I borrowed a book from the library (my day job) this week, Wire Your Brain for Confidence by Louisa Jewell. The bleakest book a person can borrow on the cusp of a new year, but here we are. At present, I haven’t read a single phrase, but I’m hoping it helps (lol, yolo, *hang loose hand gesture*).
I know there is a version of this Big Feels where I’m like “BUT ACTUALLY THE GREAT THING ABOUT MISSING THE TRAIN IS THAT YOU GET MORE TIME TO BE WITH YOUR SISTER IN A REALLY COOL CITY AND ISN’T THAT A METAPHOR WE CAN ALL GET BEHIND,” and like, yea, of course, duh. But also, I think sometimes it’s okay to feel a little shit. I’m sorry Brené, but maybe it’s even okay to indulge in a little embarrassment. I don’t expect to feel like an Unconfident Loser Failure forever.

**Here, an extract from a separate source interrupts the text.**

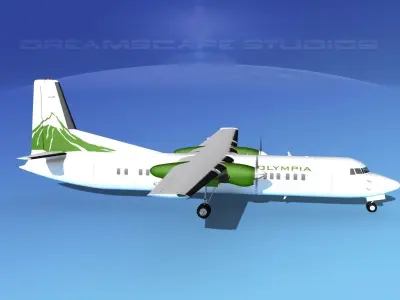 Fokker F-60 Olympia 3D model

I might even be feeling pretty cool as soon as tomorrow; the world is my oyster and it’s tasty when smoked. ← (Literally just let me have that one)
Anyways, I’m going to leave you with these incredible lyrics that I would have let Faith Hill use if she had just asked.
Breathe in, breathe out, It’s okay, you’ll live Breath in, breathe out (get louder) You’ll be fine in the morning; Just breathe (hold), oh, just breathe Yah, yah
See full lyrics below:
Talk soon,
Natahna
The Recommends: The Umaga Siryal candle by Luho Candle Co. Thank you to my darling Graham for this impeccable gift. As my nesting partner just said when he walked into my room/office, “Oh my god what is this I want to be smelling this for the rest of my life!”
Big Feels on Faith Hill Beating Me to the Punch
“Shoot. Shoot, shoot, shoot.” 😂 I laughed too hard at that (and the backpack size comment).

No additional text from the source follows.